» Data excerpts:
▼
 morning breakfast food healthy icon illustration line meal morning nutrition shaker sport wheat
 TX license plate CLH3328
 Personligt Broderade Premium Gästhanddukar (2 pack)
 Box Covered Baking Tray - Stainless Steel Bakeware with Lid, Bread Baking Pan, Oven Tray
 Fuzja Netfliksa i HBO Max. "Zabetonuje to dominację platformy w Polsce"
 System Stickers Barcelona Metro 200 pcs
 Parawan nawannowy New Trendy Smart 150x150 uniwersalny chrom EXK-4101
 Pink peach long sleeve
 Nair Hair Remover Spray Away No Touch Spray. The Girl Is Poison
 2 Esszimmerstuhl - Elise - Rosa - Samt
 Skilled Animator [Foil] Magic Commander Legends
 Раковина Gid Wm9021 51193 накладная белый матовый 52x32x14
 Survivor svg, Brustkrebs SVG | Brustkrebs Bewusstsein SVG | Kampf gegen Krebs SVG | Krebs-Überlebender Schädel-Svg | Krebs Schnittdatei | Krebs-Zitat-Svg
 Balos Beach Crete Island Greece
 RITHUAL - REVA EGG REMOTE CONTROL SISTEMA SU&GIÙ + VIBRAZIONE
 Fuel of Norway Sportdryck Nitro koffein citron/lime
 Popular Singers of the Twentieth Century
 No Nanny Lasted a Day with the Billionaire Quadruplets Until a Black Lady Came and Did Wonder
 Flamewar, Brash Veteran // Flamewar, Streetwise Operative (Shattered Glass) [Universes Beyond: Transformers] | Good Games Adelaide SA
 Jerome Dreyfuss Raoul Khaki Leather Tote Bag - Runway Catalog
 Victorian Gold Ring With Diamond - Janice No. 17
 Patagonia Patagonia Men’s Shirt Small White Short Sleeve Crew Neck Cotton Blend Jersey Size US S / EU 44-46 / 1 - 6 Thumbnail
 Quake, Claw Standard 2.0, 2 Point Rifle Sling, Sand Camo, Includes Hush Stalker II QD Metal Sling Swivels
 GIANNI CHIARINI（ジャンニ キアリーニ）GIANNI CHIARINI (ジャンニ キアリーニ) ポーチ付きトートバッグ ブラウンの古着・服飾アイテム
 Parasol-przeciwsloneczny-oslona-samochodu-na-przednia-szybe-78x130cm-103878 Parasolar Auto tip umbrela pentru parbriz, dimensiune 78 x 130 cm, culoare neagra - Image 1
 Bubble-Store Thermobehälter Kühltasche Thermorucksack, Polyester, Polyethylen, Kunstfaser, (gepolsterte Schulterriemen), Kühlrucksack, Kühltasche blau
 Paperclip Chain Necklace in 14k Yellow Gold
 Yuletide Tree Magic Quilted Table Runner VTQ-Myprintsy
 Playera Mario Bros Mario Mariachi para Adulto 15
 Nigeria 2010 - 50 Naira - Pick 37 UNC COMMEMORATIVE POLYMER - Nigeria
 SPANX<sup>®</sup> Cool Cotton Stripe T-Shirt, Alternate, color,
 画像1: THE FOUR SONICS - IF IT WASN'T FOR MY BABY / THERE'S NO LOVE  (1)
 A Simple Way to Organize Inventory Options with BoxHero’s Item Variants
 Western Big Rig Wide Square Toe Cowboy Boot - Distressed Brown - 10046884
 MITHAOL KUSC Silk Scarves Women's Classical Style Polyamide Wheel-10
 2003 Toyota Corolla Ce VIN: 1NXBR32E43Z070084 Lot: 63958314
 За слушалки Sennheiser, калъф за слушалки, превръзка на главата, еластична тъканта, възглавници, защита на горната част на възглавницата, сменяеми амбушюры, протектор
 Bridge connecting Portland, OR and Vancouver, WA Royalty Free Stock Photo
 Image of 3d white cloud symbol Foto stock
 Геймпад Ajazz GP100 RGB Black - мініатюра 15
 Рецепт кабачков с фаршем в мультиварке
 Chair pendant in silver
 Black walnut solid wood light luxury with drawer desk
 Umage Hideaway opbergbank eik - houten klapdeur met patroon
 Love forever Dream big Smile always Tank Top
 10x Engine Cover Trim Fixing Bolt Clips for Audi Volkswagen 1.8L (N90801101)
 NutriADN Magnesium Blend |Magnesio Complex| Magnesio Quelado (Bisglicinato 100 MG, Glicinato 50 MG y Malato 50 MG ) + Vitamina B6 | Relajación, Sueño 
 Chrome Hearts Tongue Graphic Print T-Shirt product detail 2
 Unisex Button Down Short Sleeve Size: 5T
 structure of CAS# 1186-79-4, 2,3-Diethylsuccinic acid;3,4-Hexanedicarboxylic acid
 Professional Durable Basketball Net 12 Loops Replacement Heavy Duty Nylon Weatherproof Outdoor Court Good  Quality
▲
» TASK OBJECTIVE:
The answer must be the same records, repeated exactly and in full.

» COMPLETED TASK:
 morning breakfast food healthy icon illustration line meal morning nutrition shaker sport wheat
 TX license plate CLH3328
 Personligt Broderade Premium Gästhanddukar (2 pack)
 Box Covered Baking Tray - Stainless Steel Bakeware with Lid, Bread Baking Pan, Oven Tray
 Fuzja Netfliksa i HBO Max. "Zabetonuje to dominację platformy w Polsce"
 System Stickers Barcelona Metro 200 pcs
 Parawan nawannowy New Trendy Smart 150x150 uniwersalny chrom EXK-4101
 Pink peach long sleeve
 Nair Hair Remover Spray Away No Touch Spray. The Girl Is Poison
 2 Esszimmerstuhl - Elise - Rosa - Samt
 Skilled Animator [Foil] Magic Commander Legends
 Раковина Gid Wm9021 51193 накладная белый матовый 52x32x14
 Survivor svg, Brustkrebs SVG | Brustkrebs Bewusstsein SVG | Kampf gegen Krebs SVG | Krebs-Überlebender Schädel-Svg | Krebs Schnittdatei | Krebs-Zitat-Svg
 Balos Beach Crete Island Greece
 RITHUAL - REVA EGG REMOTE CONTROL SISTEMA SU&GIÙ + VIBRAZIONE
 Fuel of Norway Sportdryck Nitro koffein citron/lime
 Popular Singers of the Twentieth Century
 No Nanny Lasted a Day with the Billionaire Quadruplets Until a Black Lady Came and Did Wonder
 Flamewar, Brash Veteran // Flamewar, Streetwise Operative (Shattered Glass) [Universes Beyond: Transformers] | Good Games Adelaide SA
 Jerome Dreyfuss Raoul Khaki Leather Tote Bag - Runway Catalog
 Victorian Gold Ring With Diamond - Janice No. 17
 Patagonia Patagonia Men’s Shirt Small White Short Sleeve Crew Neck Cotton Blend Jersey Size US S / EU 44-46 / 1 - 6 Thumbnail
 Quake, Claw Standard 2.0, 2 Point Rifle Sling, Sand Camo, Includes Hush Stalker II QD Metal Sling Swivels
 GIANNI CHIARINI（ジャンニ キアリーニ）GIANNI CHIARINI (ジャンニ キアリーニ) ポーチ付きトートバッグ ブラウンの古着・服飾アイテム
 Parasol-przeciwsloneczny-oslona-samochodu-na-przednia-szybe-78x130cm-103878 Parasolar Auto tip umbrela pentru parbriz, dimensiune 78 x 130 cm, culoare neagra - Image 1
 Bubble-Store Thermobehälter Kühltasche Thermorucksack, Polyester, Polyethylen, Kunstfaser, (gepolsterte Schulterriemen), Kühlrucksack, Kühltasche blau
 Paperclip Chain Necklace in 14k Yellow Gold
 Yuletide Tree Magic Quilted Table Runner VTQ-Myprintsy
 Playera Mario Bros Mario Mariachi para Adulto 15
 Nigeria 2010 - 50 Naira - Pick 37 UNC COMMEMORATIVE POLYMER - Nigeria
 SPANX<sup>®</sup> Cool Cotton Stripe T-Shirt, Alternate, color,
 画像1: THE FOUR SONICS - IF IT WASN'T FOR MY BABY / THERE'S NO LOVE  (1)
 A Simple Way to Organize Inventory Options with BoxHero’s Item Variants
 Western Big Rig Wide Square Toe Cowboy Boot - Distressed Brown - 10046884
 MITHAOL KUSC Silk Scarves Women's Classical Style Polyamide Wheel-10
 2003 Toyota Corolla Ce VIN: 1NXBR32E43Z070084 Lot: 63958314
 За слушалки Sennheiser, калъф за слушалки, превръзка на главата, еластична тъканта, възглавници, защита на горната част на възглавницата, сменяеми амбушюры, протектор
 Bridge connecting Portland, OR and Vancouver, WA Royalty Free Stock Photo
 Image of 3d white cloud symbol Foto stock
 Геймпад Ajazz GP100 RGB Black - мініатюра 15
 Рецепт кабачков с фаршем в мультиварке
 Chair pendant in silver
 Black walnut solid wood light luxury with drawer desk
 Umage Hideaway opbergbank eik - houten klapdeur met patroon
 Love forever Dream big Smile always Tank Top
 10x Engine Cover Trim Fixing Bolt Clips for Audi Volkswagen 1.8L (N90801101)
 NutriADN Magnesium Blend |Magnesio Complex| Magnesio Quelado (Bisglicinato 100 MG, Glicinato 50 MG y Malato 50 MG ) + Vitamina B6 | Relajación, Sueño 
 Chrome Hearts Tongue Graphic Print T-Shirt product detail 2
 Unisex Button Down Short Sleeve Size: 5T
 structure of CAS# 1186-79-4, 2,3-Diethylsuccinic acid;3,4-Hexanedicarboxylic acid
 Professional Durable Basketball Net 12 Loops Replacement Heavy Duty Nylon Weatherproof Outdoor Court Good  Quality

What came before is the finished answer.